It was I who corrected Anette’s English, for even as a child she spoke like a Frenchy. It is true that my hair was dark and thick and full of vinelike curls, but it was I who tamed her picky hair with the burning hot comb. I was a well-bred girl. I did not have to go to Puerto Rico for finishing school, as Mama had to when she married Papa.

After Anette was born, there was an entire week where it was only Papa and I at the dining table. He passed me each dish. He conversed about his business with me. He openly expressed his troubles with the ship itself, which was aging, and with the shipping, which was tedious and lacking in decent profit. I sipped from his glass of prohibited rum. I was the mistress of Villa by the Sea those days. Papa smiled and said that I had a head for running things and that I would make a fine madame.

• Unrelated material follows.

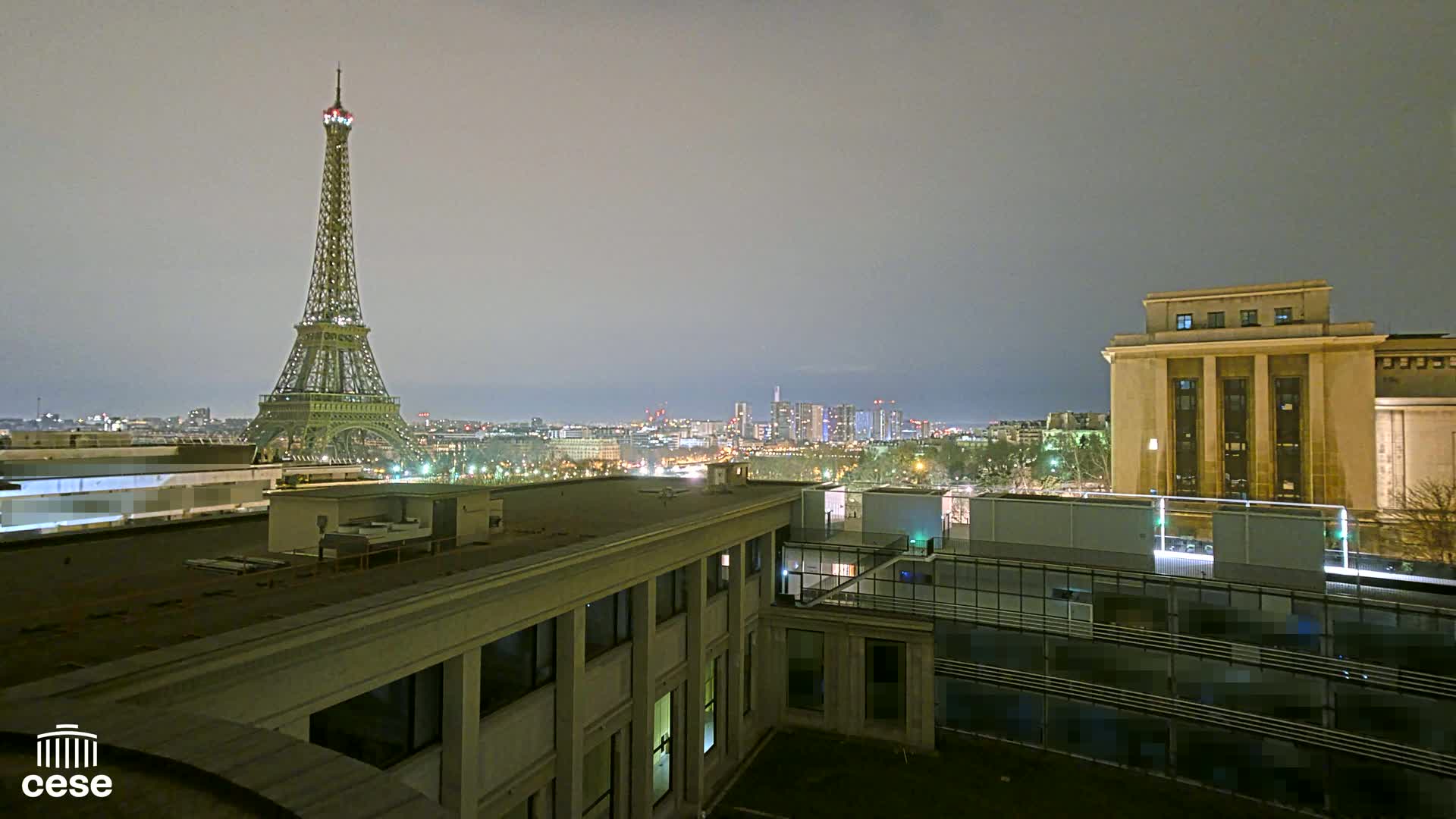 A nighttime view of the Eiffel Tower and a city skyline from a rooftop, under a hazy sky.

Even after Mama was recovered, it was I whom Papa escorted down Main Street during holidays and holy days. Mama stayed home with baby Anette and pretended she did not care. I wore the gloves Mama made for me and I would proffer my gloved hand, as many mouths trembled and leaked saliva when they kissed it. Little girls would follow me, caressing the skirt of my frocks, hoping that touching even my clothing would
grant them any bit of my beauty. I believe Mama was greatly bothered by this all.

Mama and baby Anette joined Papa and me for the Anglican church service. Still, I stood beside Papa. He always kept a handkerchief ready to wipe away the sweaty embraces of the other parishioners who rushed to give me fellowship before the organ quieted. Papa cared for me in this and many ways. Even the altar boys shook the bells and lifted the host to the bishop’s mouth with a grace I knew was for me alone. These appeals were in vain, for I belonged only to my father.

Baby Anette was no beauty. She burnt with fever regularly, as if she knew this was the means to smuggle Mama’s attention. Now Anette is a history teacher and studies the past, but perhaps then she knew the future. Perhaps she knew Mama would leave us. Either way, Anette became Mama’s new doll. This left Papa and me to ourselves. Only now, I was a young woman.

After the sun set, Papa would teach me the waltz and the seven step on the balcony. Linen curtains separated the balcony from the house and also shielded the balcony from the elements. They billowed in and out with the sea breeze. “Yes, my lovely. One, two, three, four, five, and six and seven. One and two and three. Good!” I would wear Mama’s housedress and feel it was a ball gown. Papa would swing me about on his toes and then shuffle side to side. He held his hand high and stiff, clutching me like a Frenchy man clutches his old-shoe wife. After all, though we were supposedly not Frenchy, we did live in Frenchtown. We danced on the balcony overlooking the harbour, where
The
Homecoming
lay awaiting Papa’s command. We swam in the sea, nude as the Lord made us. The ship a large shield from prying eyes. I would imagine that it was only we alone in this family. No Mama, no baby sister. I knew this imagining was vile, but I could not help myself. My mind wandered and plotted.

“I love you, Papa.”

“I love you, my own.”

By breakfast it was a hushed rendezvous that we kept from Mama. I knew the stories. Miss Lady, who like many on island at the time, couldn’t swim, said she saw frightful ghosts floating in from off the ocean. Mr. Lyte, a Frenchy and so a swimmer by standard, said it was Captain Bradshaw and a mermaid mistress. Still, that Sheila Ladyinga and Hippolyte Lammartine both did agree that the woman in the apparition had hair that waved like a nighttime ocean. Papa and I, obscured by the blowing curtains of the balcony or the body of the boat, knew the special truth: Louis Moreau would not be the first man whom I kissed.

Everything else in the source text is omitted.